Part 3: First DNA Twist Order

Week 9 HW: Cell-Free Systems

Part A: General and Lecturer-Specific Questions

Advantages of cell-free protein synthesis (CFPS) over in vivo expression

  1. Greater experimental control
  2. Open reaction environment
  3. Faster design-build-test cycles
  4. Toxic protein production
  5. Better access to non-natural chemistry
  6. Easier monitoring and automation

Cases where cell-free expression is more beneficial than cell production

Case 1: Toxic proteins Example:

  • pore-forming membrane proteins
  • antimicrobial peptides
  • viral toxins

In vivo expression may kill the host, reduce growth, and cause plasmid instability.

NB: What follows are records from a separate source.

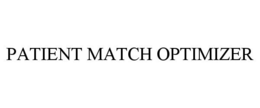 PATIENT MATCH OPTIMIZER trademark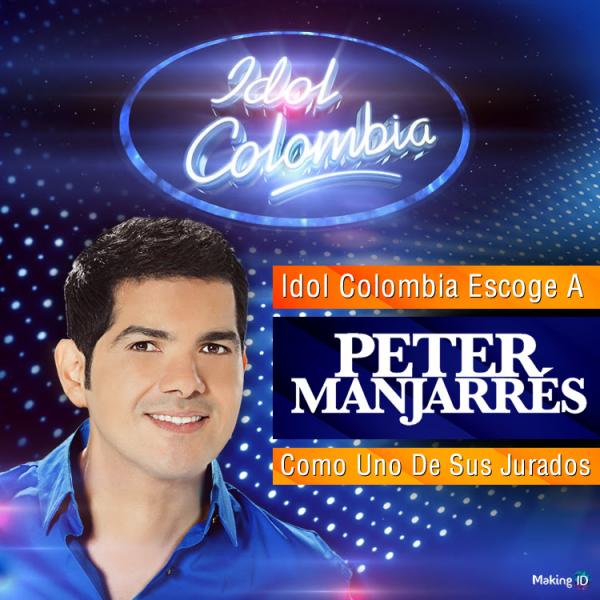 Idol Colombia Escoge A Peter Manjarrés Como Uno De Sus Jurados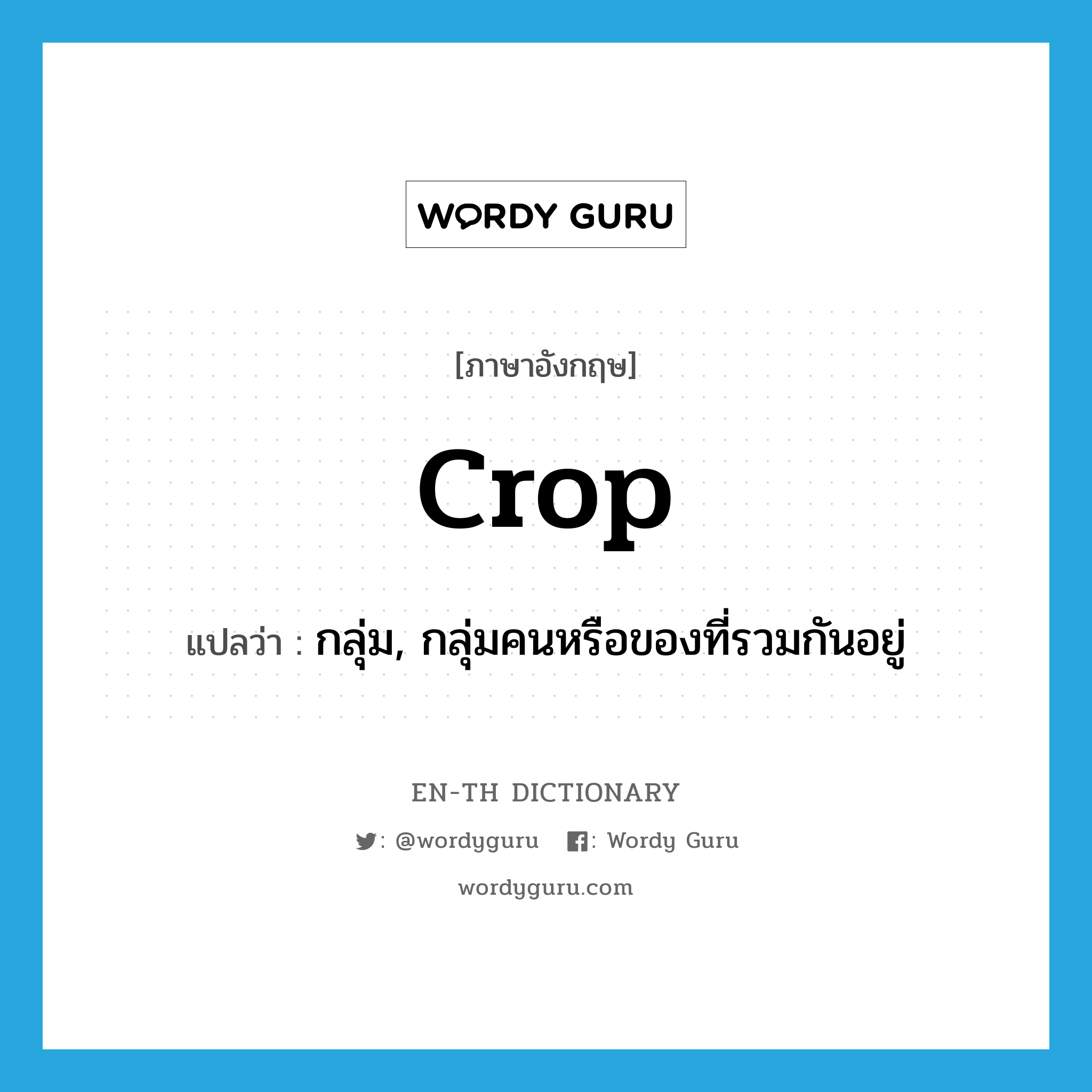 crop แปลว่า?, คำศัพท์ภาษาอังกฤษ crop แปลว่า กลุ่ม, กลุ่มคนหรือของที่รวมกันอยู่ ประเภท N หมวด N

Case 2: Rapid prototyping of genetic circuits CFPS allows same-day testing without cloning into cells:

  • promoters
  • ribosome binding sites
  • regulatory networks

Main components of a cell-free expression system

  1. Cell lysate (extract): ribosomes, tRNAs, translation factors, aminoacyl-tRNA synthetases, metabolic enzymes
  2. DNA or mRNA template: promoter, ribosome binding site, coding sequence, terminator
  3. Amino acids
  4. Energy source: phosphoenolpyruvate (PEP), creatine phosphate, glucose, maltodextrin
  5. Nucleotides
  6. Salts and cofactors
  7. Optional additives: chaperones, detergents, liposomes, disulfide bond catalysts, protease inhibitors

Why energy regeneration is critical

Protein synthesis is extremely energy intensive. Each peptide bond formation requires ATP, GTP, tRNA charging, and ribosome translocation. Energy sources are rapidly depleted during protein synthesis, and accumulation of inorganic phosphate due to their cleavage additionally inhibits reactions.

Example method for continuous ATP supply Phosphoenolpyruvate (PEP) regeneration system

PEP + ADP → Pyruvate + ATP (requires pyruvate kinase)

This is a simple method for fast ATP regeneration commonly used in CFPS. Although it is relatively expensive and does not solve phosphate accumulation-induced inhibition of synthesis.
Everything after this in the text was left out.